The extraordinary record of prehistoric rock art depicting tens of thousands of animal images in the Coso Range of eastern California provides an opportunity to study the relationship between aboriginal hunting, forager ecology, bighorn prey population levels, and the production of rock art. We review archaeofaunal evidence that the Coso desert bighorn sheep population was strongly depleted during the Newberry era after 1500 B.C. We discuss the dating of the rock art and show a correlation between bighorn depletion and increased rock art production. These data are consistent with the arrival of Numic foragers ca. A.D. 600 who competed with the Coso Pre-Numics and eventually terminated the Coso rock art tradition. An ecological predator-prey computer simulation of the human populations (Numic and Pre-Numics), the sheep population, and the rock art ‘‘population’’, demonstrates these proposed interconnections and gives a reasonable fit to the observed rock art production rate. …

Introduction

The Coso Range of eastern California has been occupied by humans since the Paleoindian period. The early inhabitants of the area left pecked rock images in very large numbers. Beginning roughly 2000/1500 B.C. and ending about A.D. 1300, aboriginal people left an elaborate record of hunting scenes with bighorn sheep (Ovis canadensis) as their prey. Over time the images become more naturalistic or realistic, larger in size and the image count increases remarkably during its peak period of production and then inexplicably at its peak after about A.D. 1300 the art ceased being produced. There are at least 100,000 individual rock art images represented in the Coso petroglyph record and it is estimated that about half are depictions of bighorn sheep. The Coso Rock Art Complex is one of the largest concentrations of rock drawings in all of North America.

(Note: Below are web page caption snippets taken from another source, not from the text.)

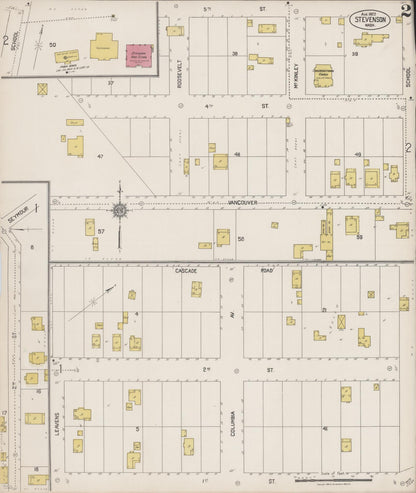 Sanborn Fire Insurance Map from Stevenson, Skamania County, Washington (1922), Sheet #0002 - Complete Map Set gallery image, historic Sanborn map, vintage wall art, Washington Washington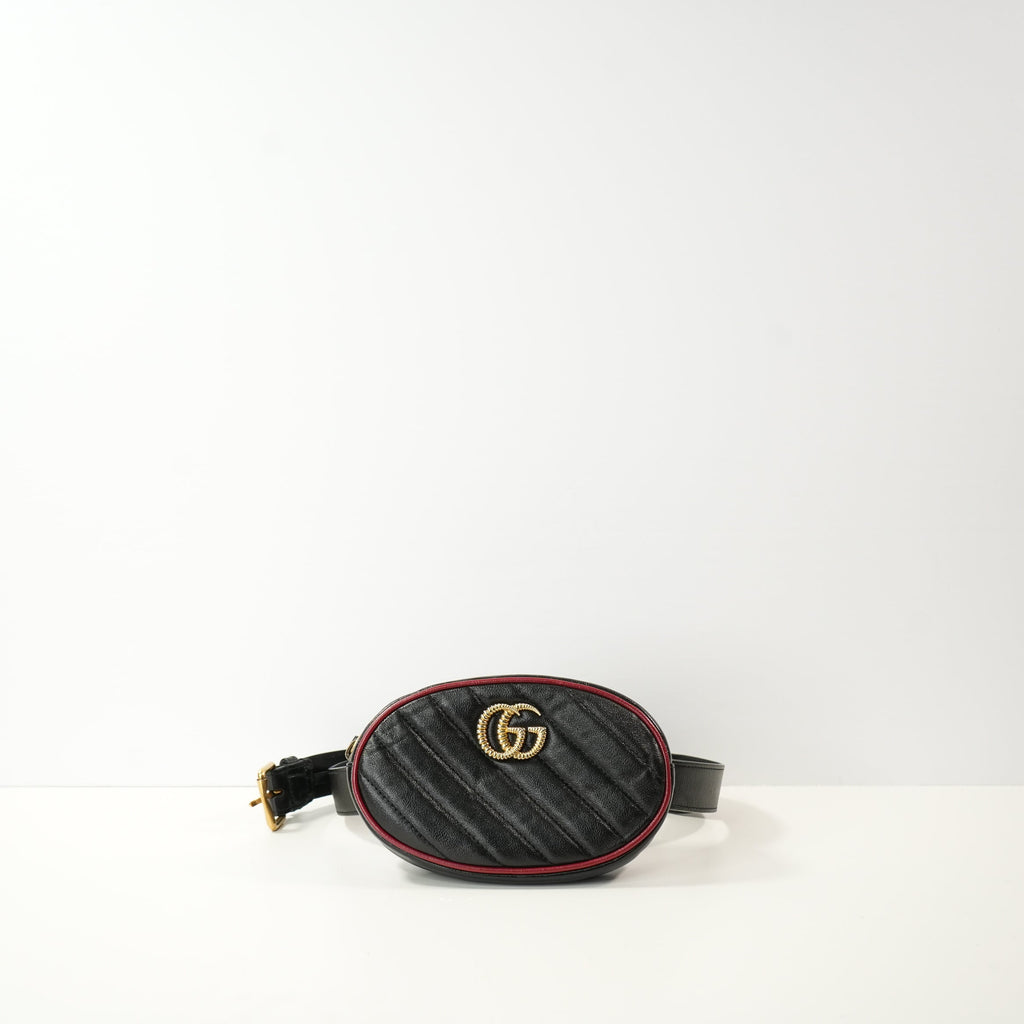Gucci GG Marmont Torchon Belt Bag in black with a red trim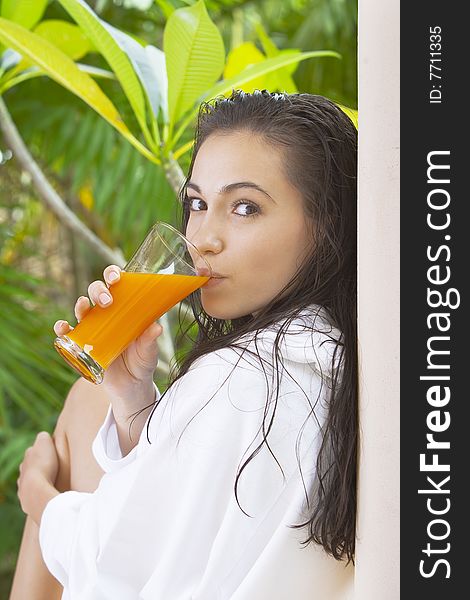 Portrait of young pretty woman in summer environment. Portrait of young pretty woman in summer environment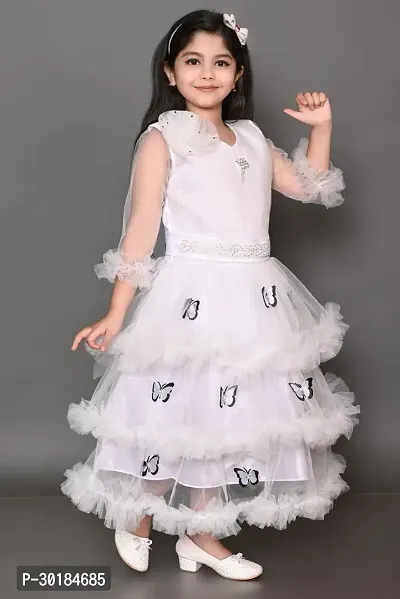 Fabulous White Net Fit And Flare Dress For Girls-thumb5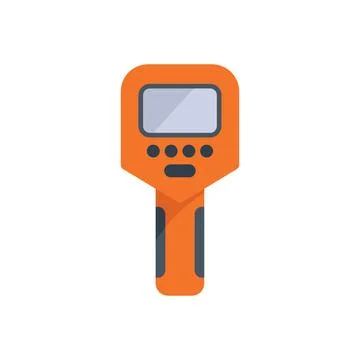 Orange metal detector showing empty screen interface Ilustración de archivo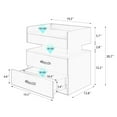 thumbnail image 6 of 1 Set Nightstand With Adjustable LED Strip Light, 2-Drawers, Large Storage Space, Perfect for Bedroom, Living Room & Study, 6 of 11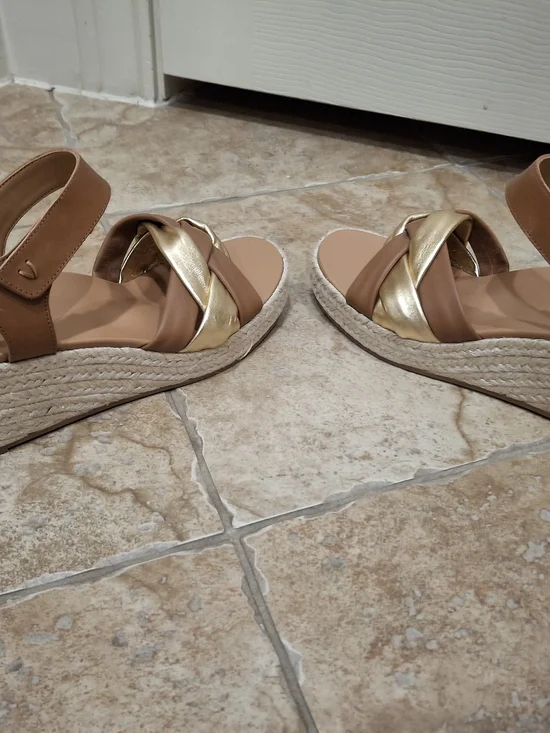 Vionic Tan and Gold Braided Espadrille Wedge Sandals - Picture 7 of 9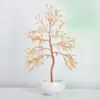 Adornos de grava de árbol de cristal natural, árbol de cristal, decoración creativa para el hogar y la oficina, manualidades, cuenco pequeño blanco con fondo en forma de árbol.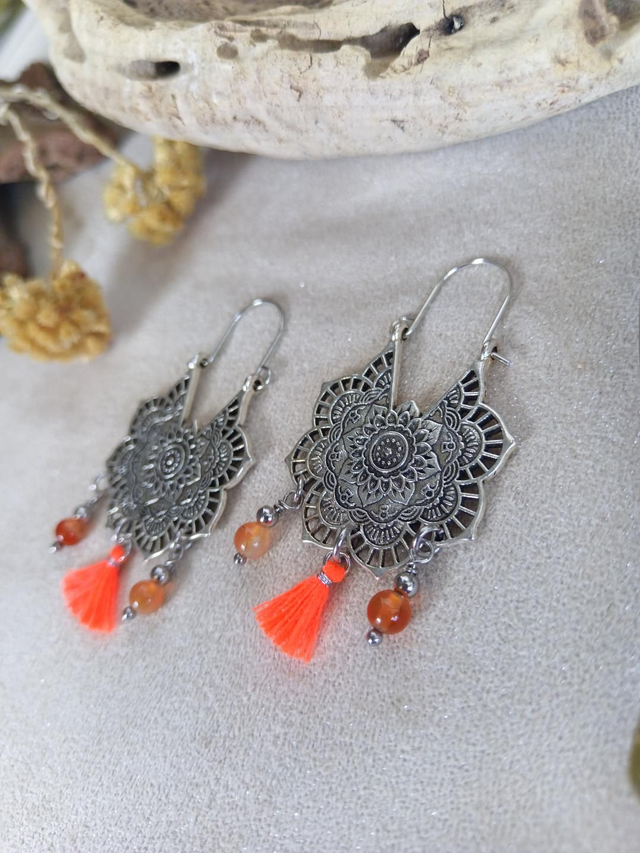 Boucles d'oreilles MAYRA Cornaline - Élégance et énergie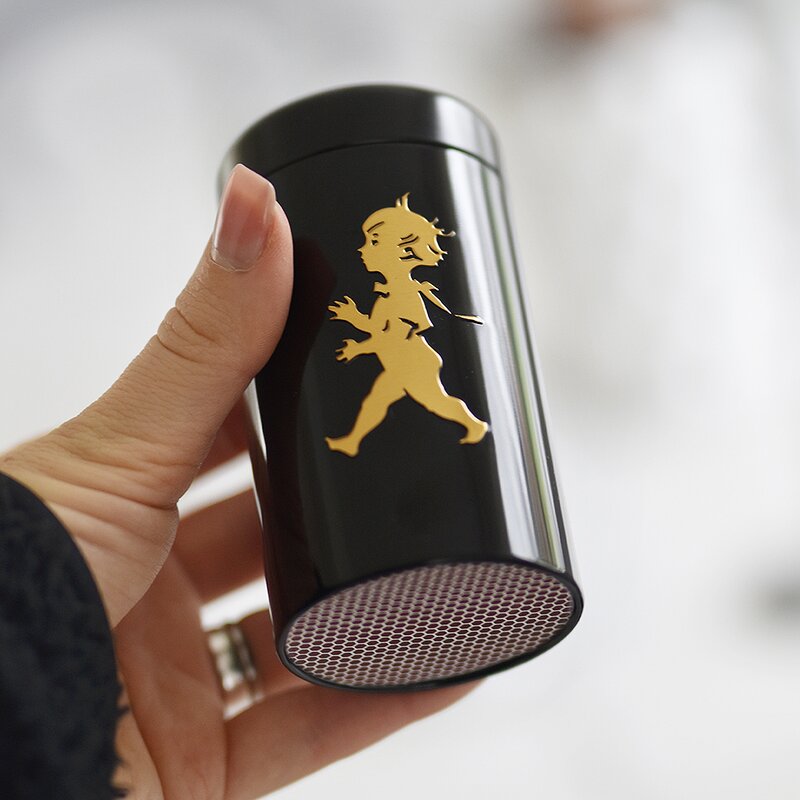 SOLSTICKAN Tändsticksrör 10 cm Svart/Guld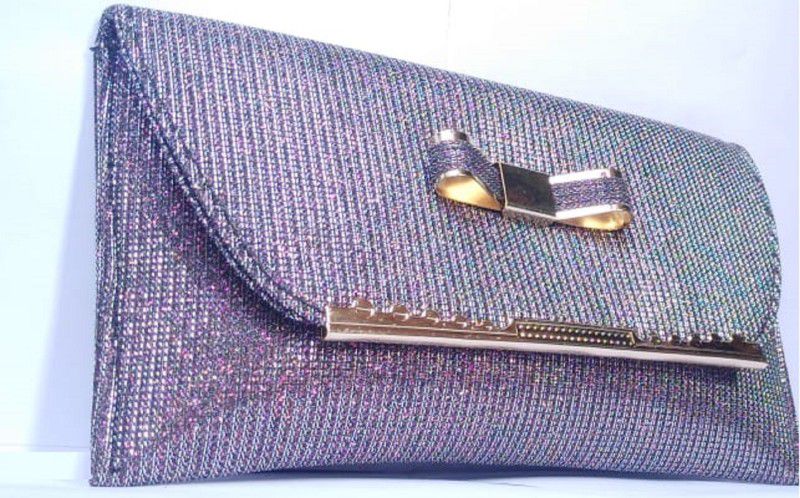 Party, Formal, Casual Purple, Gold Clutch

Such a striking array of naturalistic or realistic images is very unusual for the Desert West and this startling record begs explication. Early researchers posited that the tremendous numbers of bighorn representations were indicative of vast herds of bighorn sheep that occupied the area in the distant past. Prehistorians implied that periods of peak sheep hunting correlated with the greatest abundance of bighorn rock art images. Prehistoric animal images were part of a bighorn sheep cult. These images figured in increase rites designed to ensure the return of game animals, human, plant, and animal fecundity, and the health and well-being of the Coso people and their way of life (Garfinkel, 2006; Grant et al., 1968; Hildebrandt and McGuire, 2002; Heizer and Baumhoff,1962).

This paper provides a population estimate for the metapopulation (a group of spatially separated or isolated animals that occupy a fragmented habitat, have limited exchange of individuals, and consist of a number of animal groups that interact in a restricted geographic area) of Coso bighorn and simulates the population dynamic of the local herds in light of human predation. It evaluates the proposition of whether it is possible that bighorn were over-harvested and depleted. Archaeofaunal data are adduced to provide a timeline, trajectory, and independent evaluation of the plausibility for bighorn resource depression. It also posits that the Coso inhabitants were seeing population pressure and conflicting land use issues from the neighboring Numic groups to the north moving into their territory from the Owens Valley. Standard ecological competition and predator-prey models are applied to simulate human and sheep populations. The simulation models sheep hunting across time and also models rock art production.We develop a model of the competing Numic and pre-Numic exploitation and land use strategies and close by providing a partial explanation of why the Coso Range was such an extraordinary focus of rock art expression. …

Fig. 2. Coso Representational rock art, Coso Style sheep, bowmen, and more ancient,
patinated abstract and geometric petroglyph elements.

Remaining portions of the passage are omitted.